Proprotein convertase subtilisin/kexin type 9 (PCSK9) inhibitors decrease LDLR degradation by PCSK9, and thereby improve LDL-C clearance and lower plasma LDL-C.

Alirocumab (Praluent)

Alirocumab is a monoclonal antibody that binds to PCSK9. LDL-C is cleared from the circulation preferentially through the LDL receptor (LDLR) pathway. PCSK9 is a serine protease that destroys LDLR in the liver resulting in decreased LDL-C clearance and increased plasma LDL-C. PCSK9 inhibitors decrease LDLR degradation by PCSK9. It is indicated as adjunct to diet and maximally tolerated statin therapy for the treatment of adults with heterozygous familial hypercholesterolemia (HeFH) or clinical atherosclerotic cardiovascular disease, who require additional lowering of LDL-C.

Evolocumab (Repatha)

Evolocumab is a monoclonal antibody that inhibits the serine protease PCSK9. PCSK9 destroys the LDL receptor in the liver; therefore, decreasing LDL-C clearance.
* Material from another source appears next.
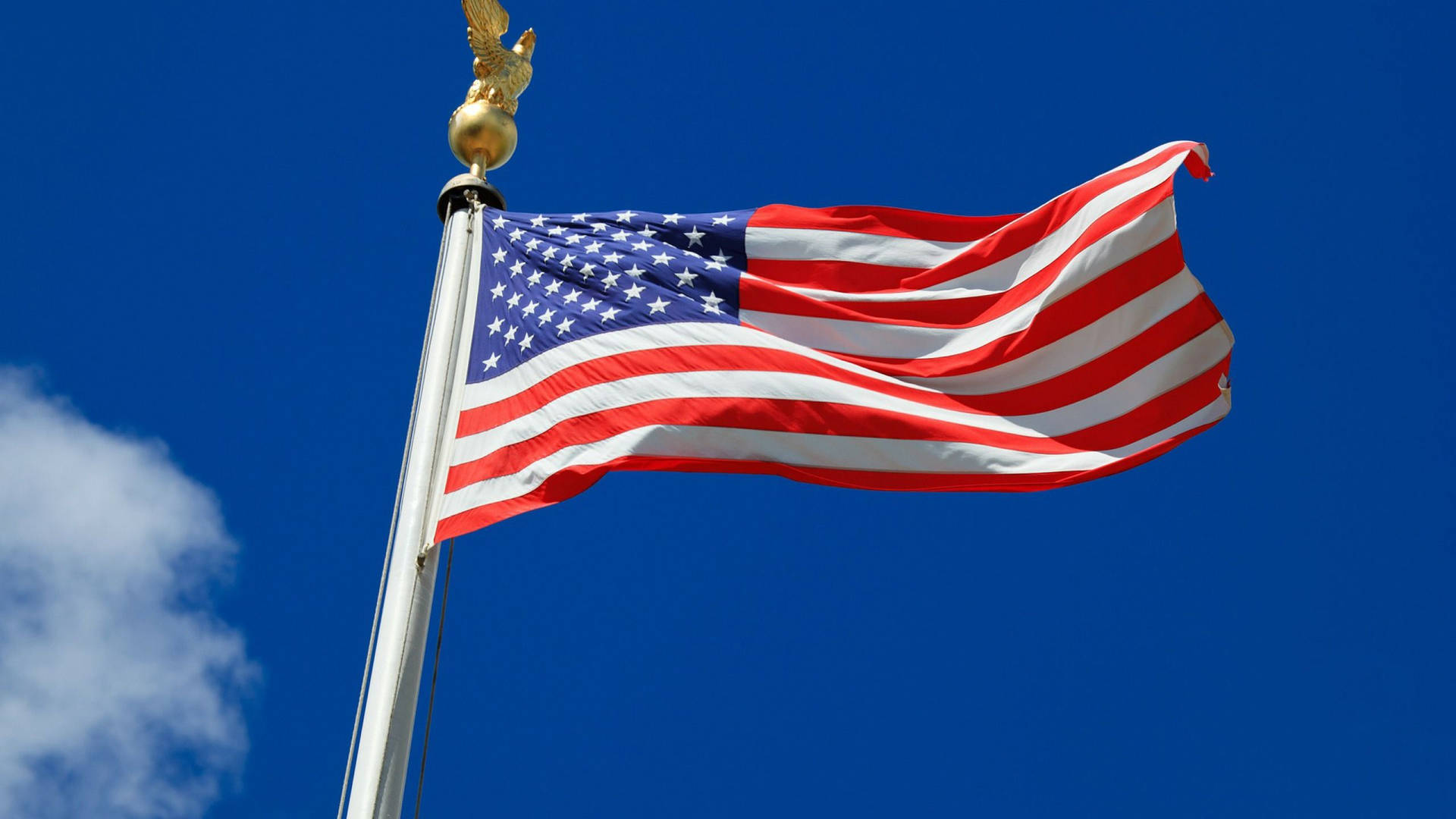 American Flag Silver And Gold Pole Background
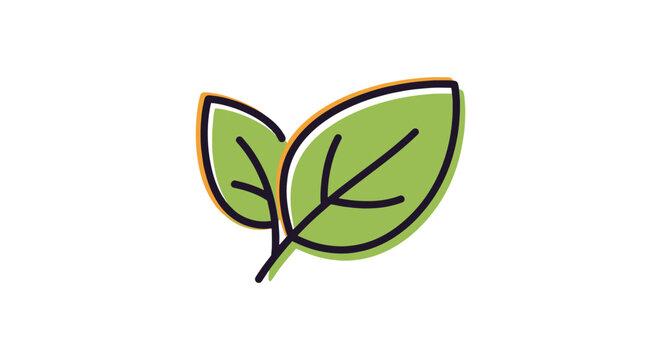 Basil leaf illustration Line abstract minimal creative.eps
It is indicated as an adjunct to diet and maximally tolerated statin therapy for the treatment of adults with heterozygous familial hypercholesterolemia (HeFH) or clinical atherosclerotic CVD, who require additional lowering of LDL-C. Evolocumab is also indicated as an adjunct to diet and other LDL-lowering therapies (eg, statins, ezetimibe, LDL apheresis) for the treatment of adults and adolescents aged 13-17 y with homozygous familial hypercholesterolemia (HoFH) who require additional lowering of LDL-C.